Livres

Amazon autorisée à s’installer: les libraires indépendants inquiets

«On est déçu, mais pas surpris. Je le ressens surtout comme un manque de confiance envers les libraires, c'est dommage.» C'est en ces termes que la présidente de l'Association des libraires indépendants du Québec, Marie-Hélène Vaugeois, accueille la nouvelle de l'ouverture prochaine d'un entrepôt Amazon en Ontario.

Le gouvernement canadien a fait savoir hier après-midi qu'il autorisait l'implantation du centre de traitement des commandes qui permettra à l'entreprise américaine de distribuer plus aisément les livres à sa clientèle canadienne. «Notre gouvernement a à cœur de renforcer l'économie canadienne en mettant tous ses secteurs à contribution, particulièrement celui des arts et de la culture», a déclaré le ministre James Moore. «Amazon a fait preuve de volonté à promouvoir les produits culturels canadiens.
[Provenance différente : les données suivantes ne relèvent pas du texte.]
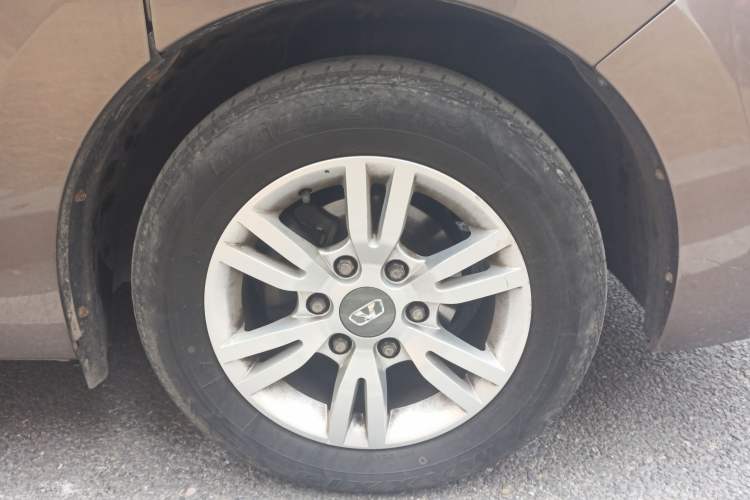 Used Huasong 7 2017 2.0T Automatic Elite Edition Right Front Wheel Hub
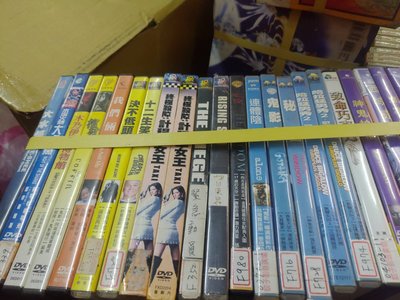 正版DVD-電影【水深火熱大虎鯊】安東尼沃華格斯/崔特威廉斯 超級賣二手光碟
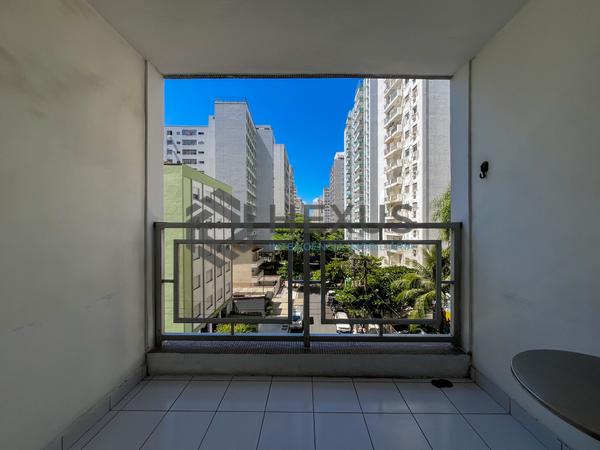 Apartamento à Venda em Pitangueiras — foto 1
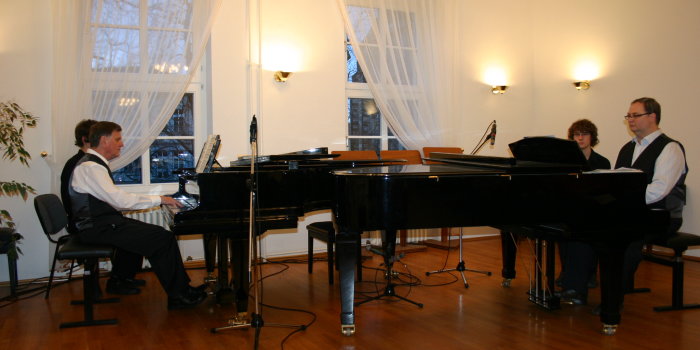 Das Klavierduo Hans-Georg Kohlert und Jens Nedeß bei einem vergangenen Duoabend in der Musikschule.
Nous sommes heureux de constater que l'organisme poursuit sur cette lancée grâce à un nouvel investissement.»

Le gouvernement avance notamment qu'Amazon s'est engagée à investir plus de 20 millions de dollars, dont 1,5 million de dollars pour des activités et des prix culturels au Canada ainsi que pour la promotion des livres d'auteurs canadiens sur les marchés internationaux. On mentionne par ailleurs que l'entreprise d'engage à créer des emplois. «J'ai un peu peur que les emplois gagnés dans les entrepôts soient perdus dans les librairies, note Marie-Hélène Vaugeois. Quant aux fameux investissements, pour le moment c'est un peu obscur.»

La présidente de l'ALQ se dit très septique quant à la promotion de la littérature canadienne, promise par Amazon: «Il existe Amazon.fr, et ça n'a pas du tout permis de faire connaître la littérature française à l'étranger.» Elle parle enfin de son inquiétude face au contrôle que pourrait exercer l'entreprise américaine sur le marché du livre canadien: «J'étais au Salon du livre de Paris la semaine dernière, et je me suis entretenue avec Guillaume Husson, directeur général du syndicat des librairies françaises. Il m'expliquait à quel point en Angleterre, les gros joueurs comme Amazon contrôlent la production, à tel point que les éditeurs ne choisissent plus ce qu'ils publient!»